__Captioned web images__
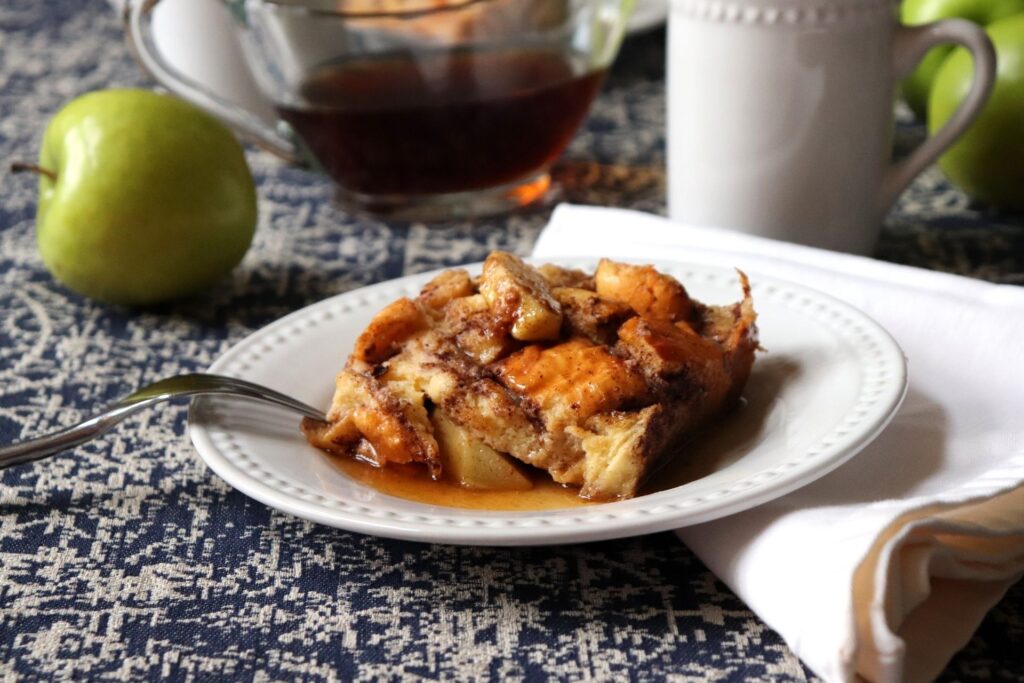 This one pan, Baked Apple French Toast wonder, combines the holiday taste favorites of cinnamon, apple, brown sugar all soaked in custard bread cubes baked to perfection.   Serve this with some warm pure maple syrup and listen for the sounds of falling in love with it!  This is also an amazing recipe to make for the holiday's.  It can be made a day ahead of Christmas so you can pop it in the oven while you are opening gifts!   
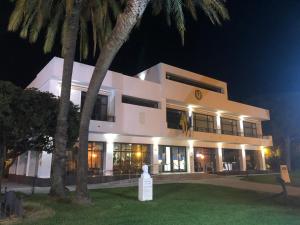 un grand bâtiment blanc avec des palmiers la nuit dans l'établissement Patios de la Carmela, à Isla Cristina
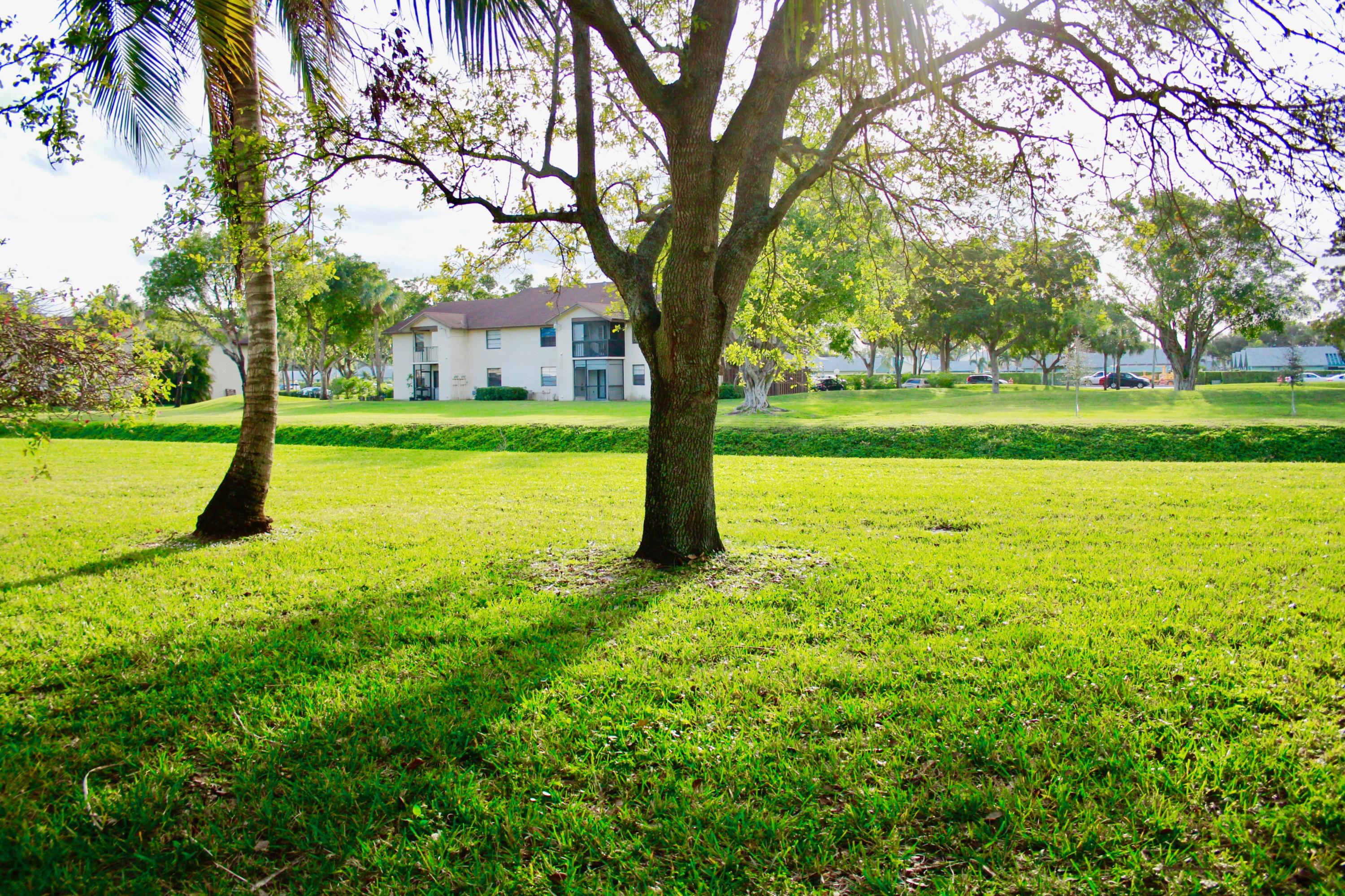 8986 Southwest 19th Street, Unit B Boca Raton, FL 33433 - Photo 51 of 55 a front view of a house with a big yard
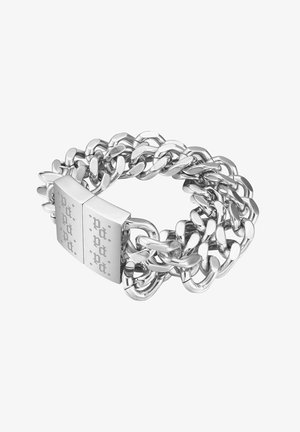 Thick silver chain-link bracelet with a large rectangular clasp engraved with decorative dots and letters.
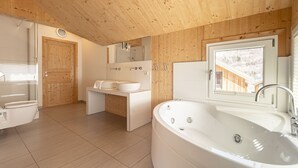 Un baño moderno con techo de madera, una bañera grande, un lavamanos y un espejo.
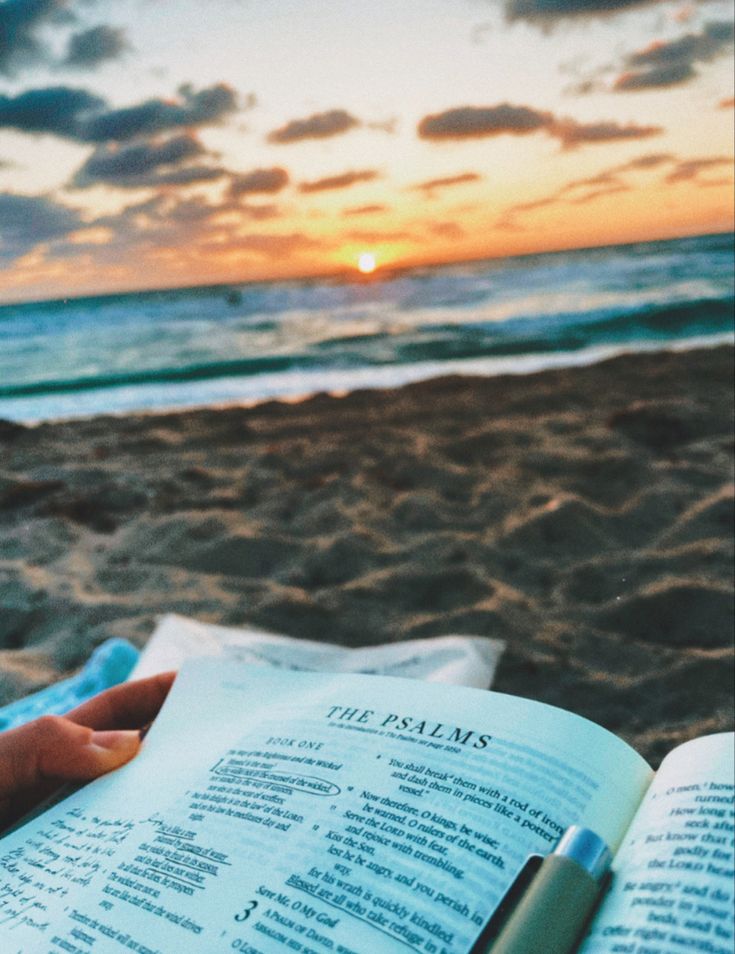 a person is reading a book on the beach at sunset or sunrise with their hand resting on an open bible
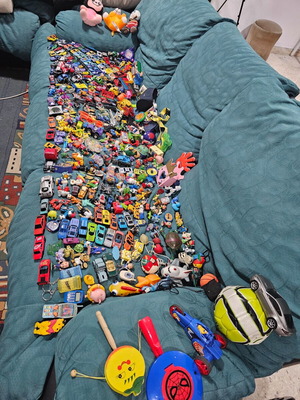 Pack of used children's and collectible toys with cars and figures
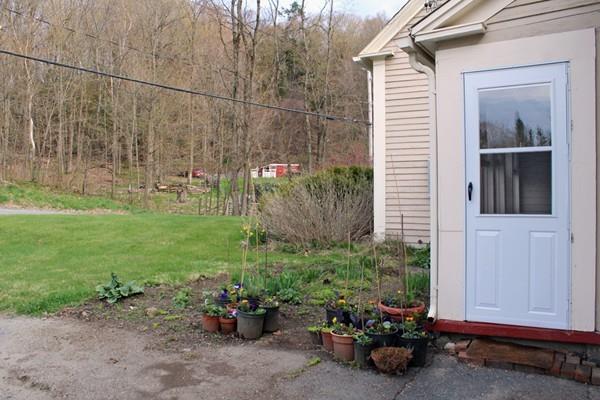 859 Greenfield Road Leyden, MA 01337 - Photo 5 of 42 a view of a backyard with plants and a garden
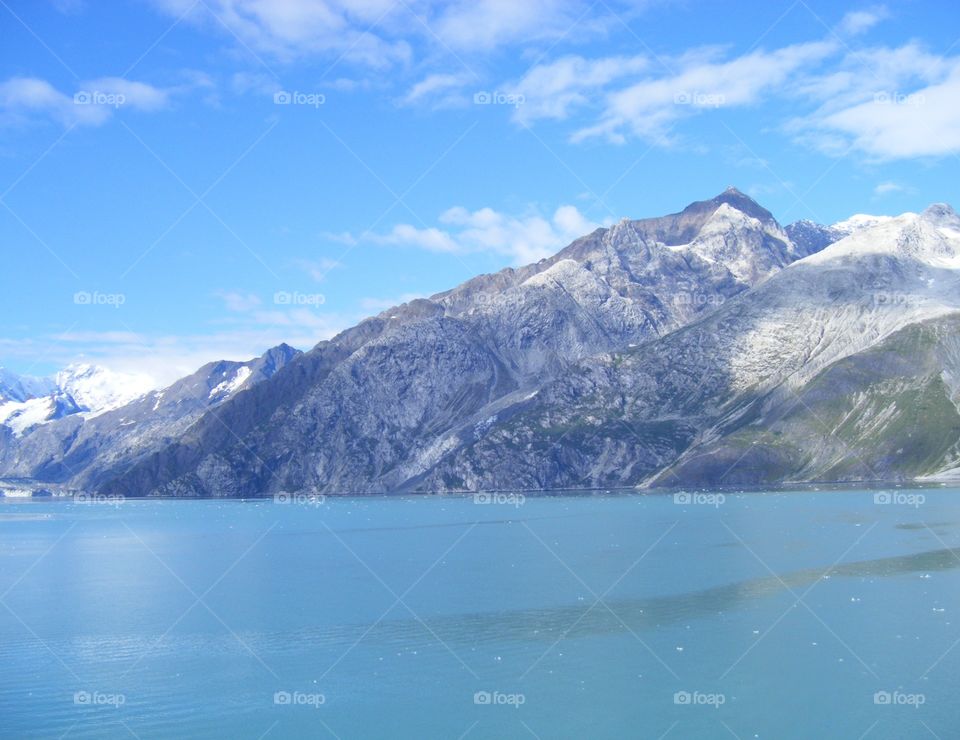 Calm Ocean waters, window view while cruising past glaciers and mountains in Alaska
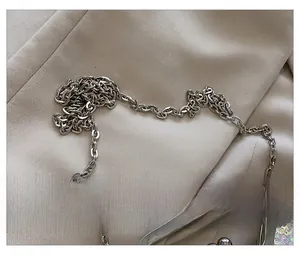 Detailed macro view of silver metal chain strap on a colorful sequin evening clutch bag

__What is needed__
Give the entries again word for word, but skip the pictures.

__Exercise response__
 This one pan, Baked Apple French Toast wonder, combines the holiday taste favorites of cinnamon, apple, brown sugar all soaked in custard bread cubes baked to perfection.   Serve this with some warm pure maple syrup and listen for the sounds of falling in love with it!  This is also an amazing recipe to make for the holiday's.  It can be made a day ahead of Christmas so you can pop it in the oven while you are opening gifts!   
 un grand bâtiment blanc avec des palmiers la nuit dans l'établissement Patios de la Carmela, à Isla Cristina
 8986 Southwest 19th Street, Unit B Boca Raton, FL 33433 - Photo 51 of 55 a front view of a house with a big yard
 Thick silver chain-link bracelet with a large rectangular clasp engraved with decorative dots and letters.
 Un baño moderno con techo de madera, una bañera grande, un lavamanos y un espejo.
 a person is reading a book on the beach at sunset or sunrise with their hand resting on an open bible
 Pack of used children's and collectible toys with cars and figures
 859 Greenfield Road Leyden, MA 01337 - Photo 5 of 42 a view of a backyard with plants and a garden
 Calm Ocean waters, window view while cruising past glaciers and mountains in Alaska
 Detailed macro view of silver metal chain strap on a colorful sequin evening clutch bag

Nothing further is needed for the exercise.